Opinion

All in this together? Why it’s time for business leaders to read the room on executive pay

New research reveals that the median pay of CEOs in the FTSE 100 rose by 39% between 2020 and 2021, putting the spotlight on boardroom rewards once more  

As the cost-of-living-crisis forces millions of people in the UK to cut their spending drastically to make ends meet, a study by the High Pay Centre and the Trades Union Congress (TUC) has found that the median FTSE-100 chief executive took home £3.41m in 2021, compared with £2.46m the year before. That equates to an annual pay rise of 39%. 

Meanwhile, the average British worker has received a real-terms cut of 3%, according to the Office for National Statistics (ONS), as pay awards fail to match soaring inflation. Darren Morgan, director of economic statistics at the ONS, has described this as the fastest fall in the real value of pay in this country since comparable records began. 

Unsurprisingly, the pay gap between blue-chip bosses and the average employee widened significantly in 2021. The median CEO reward package in the FTSE 100 last year was 109 times larger than the median earnings of a full-time worker (£31,285), compared with a mere 79 times in 2020. The highest-paid chief executive in the FTSE 100, Endeavour Mining’s Sébastien de Montessus, received £16.85m.  

A potential tipping point 

The research has prompted the usual calls for the pay of business leaders to be capped or in some way linked to the earnings of the lowest-paid workers in their companies. They may well think that they can weather this storm of protest again, just as they always have, but things feel different this year. 

Much of the industrial action that thousands of workers have taken to improve their pay looks set to extend beyond the ‘summer of discontent’, so named by commentators likening the situation to the winter of discontent – a wave of strikes that brought down the Labour government during a period of high inflation in 1979. 

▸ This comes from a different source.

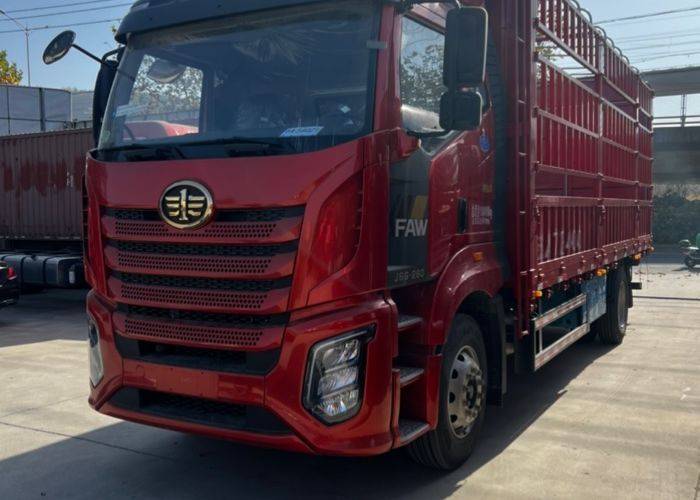 二手一汽解放 260马力 载货车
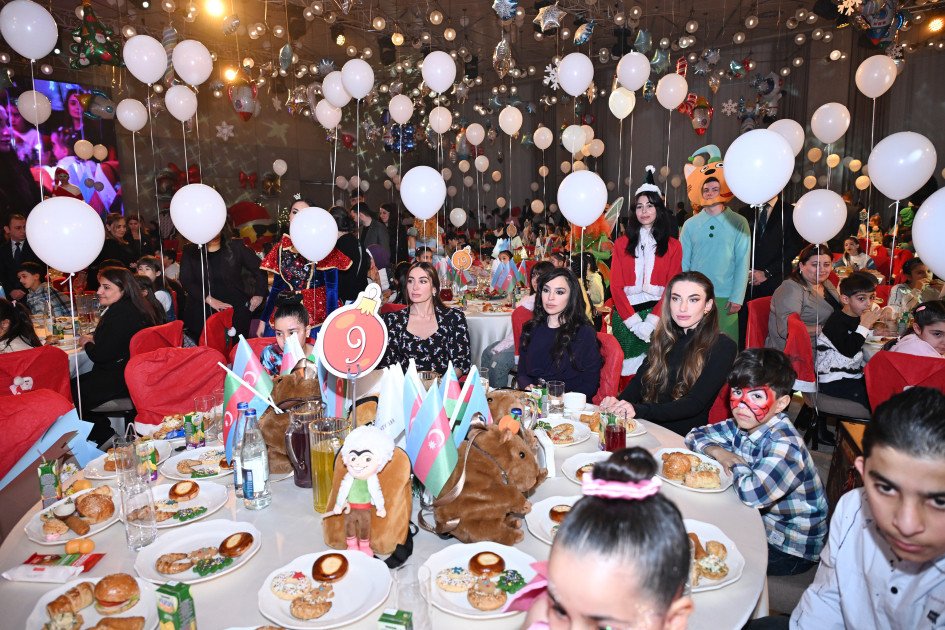 Heydər Əliyev Fondu uşaqlar üçün bayram şənliyi təşkil edib Heydər Əliyev Fondu uşaqlar üçün bayram şənliyi təşkil edib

Railway workers have been picketing in pursuit of a sub-inflation pay rise of 7%. Network Rail’s chief executive, Andrew Haines, recently saw his salary increase by 8.5%, from £544,000 to £590,000. He earns about 20 times more than the average train guard. 

Journalists at Reach, which owns the Daily Mirror and Daily Star, are set to walk out in response to a proposed pay deal they claim is equivalent to a 7% cut in real terms. Meanwhile, the pay of its CEO, Jim Mullen, has risen by 700% (thanks partly to a long-term incentive plan, which won’t mature until 2024). Wildcat strikes are also on the rise as dissatisfaction spreads through the nation’s workplaces. 

The idea that bosses can deny their workers the pay rises they’re requesting amid the cost-of-living crisis while increasing their own to such an extent feels out of step with the mood of the nation. Widespread concern about inflation – particularly soaring energy prices – is shaking consumer confidence. When this falters, so does the economy. 

In touch with reality 

What, then, are the solutions? Proposals from the High Pay Centre and research organisation Autonomy to cap CEOs’ salaries at £200,000 seem unworkable. Such a move would prevent British businesses from competing for the best executive talent, harming them and the economy in the long run. 

But business leaders do need to show that they are listening. That is what PwC’s partners have done. The auditing giant’s leaders have pledged to take a pay cut to fund inflation-beating increases for lower-paid staff. 

Such sacrifices can pay off for the business in the long run. Rewarding employees and supporting them through tough economic times should make them less inclined to seek more lucrative work with a competitor, for instance. The cost of high staff turnover to a business, especially in the UK’s tight labour market, could end up exceeding that of granting a decent pay rise across the board. 

The argument that the money isn’t available for such pay increases is hard to justify, given that the FTSE 100 collectively spent £720m on paying 224 top executives last year, according to the High Pay Centre / TUC study. 

The research paints a picture of boardroom excess that jars with the stark financial situation that millions of ordinary people are facing. If the pay chasm continues to widen, the consensus might tip in favour of some form of regulation – something that business definitely doesn’t want. 

It’s time for more business leaders to acknowledge the situation and show some semblance of solidarity with the rank and file by reducing the gap. Otherwise, the pressure for outside intervention will only ramp up.